Previous ages spoke about ars moriendi, the art of dying. If we desire to cultivate such an art, we can’t wait until death is imminent. Learning to die is the task of a lifetime. It is both gift to us and achievement by us.
Many years ago Bertha, an elderly member of my congregation, entered the hospital suffering from pneumonia. When antibiotics failed to stem the disease, the hospital staff inserted a ventilator tube down her throat. The time had come to assemble her family.
Once they inserted the tube, Bertha couldn’t talk. Nevertheless she remained alert and wrote messages on a pad of paper. Bertha started filling the pad with names, making a list of people she wanted to see. During the next several days, friends and relatives trickled into Bertha’s hospital room. She greeted each one with a smile, conveying final instructions, writing notes to say how much she loved them, facing the uneasy good-byes. When a visitor left, she crossed the name off her list.

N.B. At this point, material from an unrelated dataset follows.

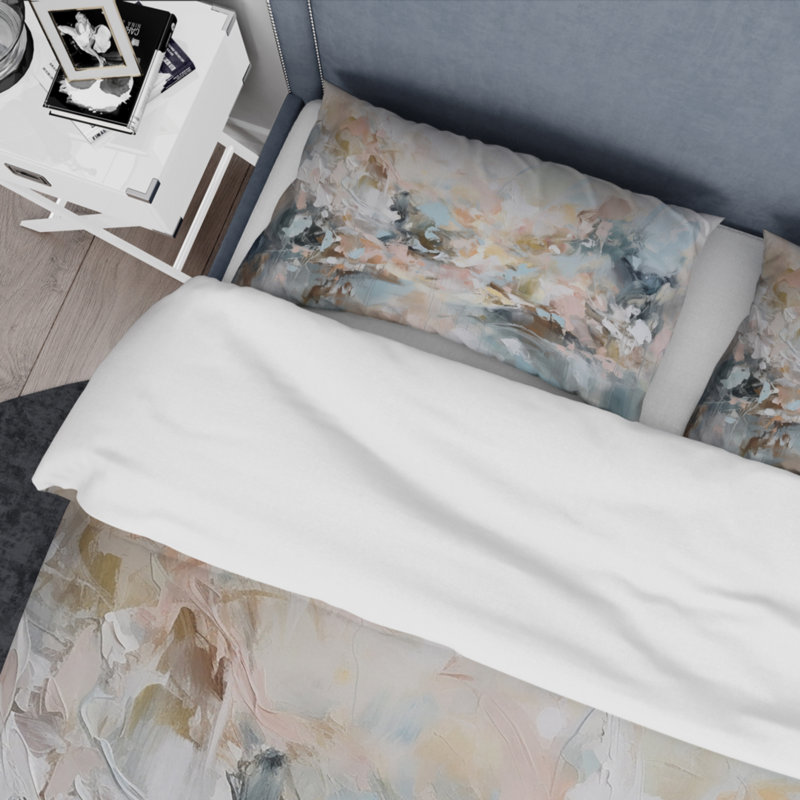 Ensemble de housse de couette en microfibre / polyester Delicate Brushstrokes Abstract Paint IV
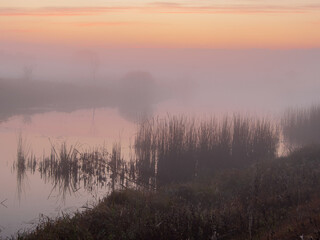 autumn foggy landscape with fog and lake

Finally the last two grandchildren arrived and that evening her family surrounded her bed where she sat beaming in their presence. She greeted their tears with her own, but strove to console her children and grandchildren. Together her family prayed and sang a hymn.
The next morning when they offered the tablet to Bertha, she gently pushed it aside and that afternoon she slipped into a coma and died. After her death, Bertha’s family looked at the list she had written and discovered that only one name had not been crossed off. The name that remained was Jesus.
Bertha had prepared herself for her death. She accepted death in the hope that new life is still possible. She believed there is One who is working so that life will finally triumph over death.
Acknowledging our losses, listening to our pain, and looking for the opportunity that lies in life’s uncomfortable moments are ways to affirm a belief that life will spring forth in spite of the prunings of death. Living a good life, a complete existence, involves coming to terms with death in all the ways we encounter it. We learn how to live by learning how to die. We learn how to die by learning how to affirm life in the face of death.
That’s the kind of life and death I would seek—-one like my friend, Bertha. I think she had about as good a death as anyone could want.